• **PROVIDED MATERIAL**

::::::::

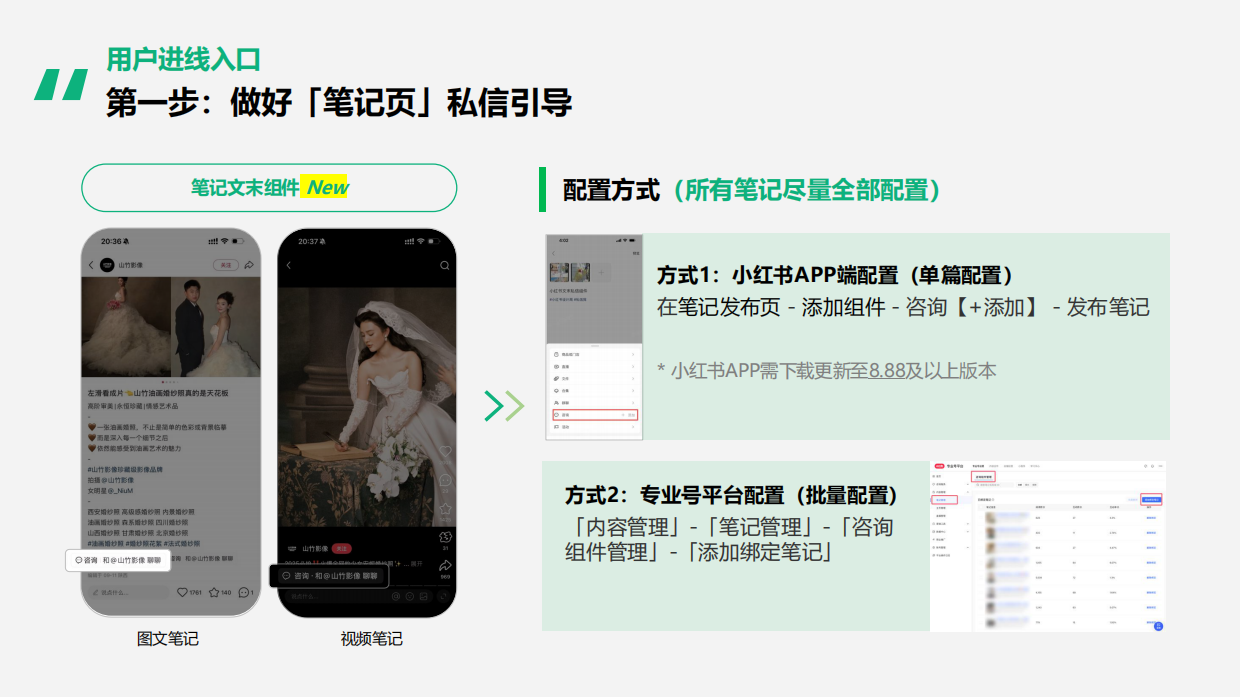 小红书私信经营提效实战指南.pdf_第5页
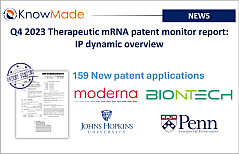 Featured image of our press release upon Q4 2023 patent monitor.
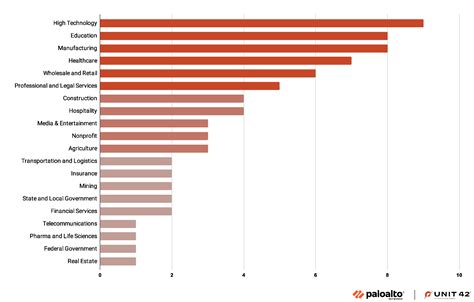 Medusa Ransomware Y Su Estrategia De Extorsión Múltiple Pone A La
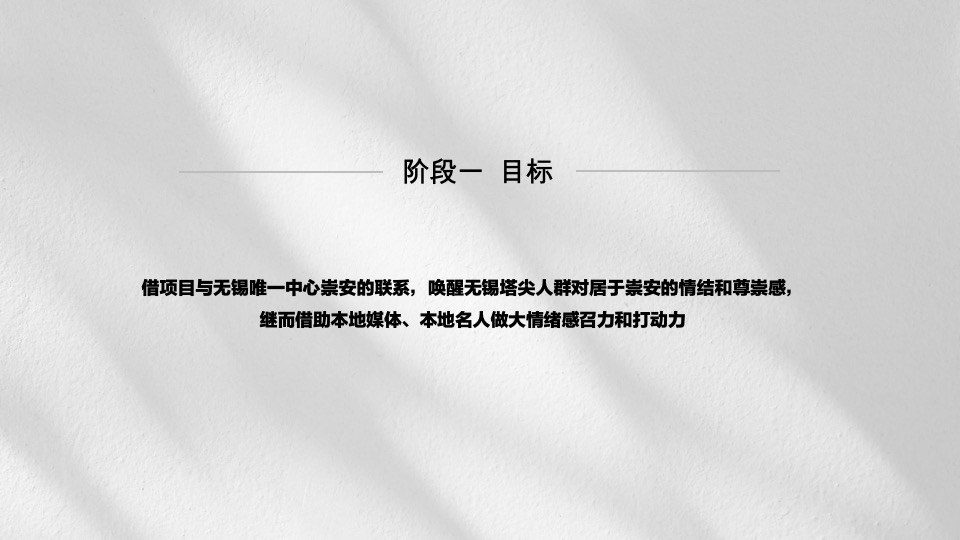 地产项目5-6月推广策略案 #叠墅# #加推#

::::::::

• **WHAT NEEDS TO BE DONE**
Repeat the listing in full and to the letter, excluding every image.

• **EXPECTED ANSWER**
 小红书私信经营提效实战指南.pdf_第5页
 Featured image of our press release upon Q4 2023 patent monitor.
 Medusa Ransomware Y Su Estrategia De Extorsión Múltiple Pone A La
 地产项目5-6月推广策略案 #叠墅# #加推#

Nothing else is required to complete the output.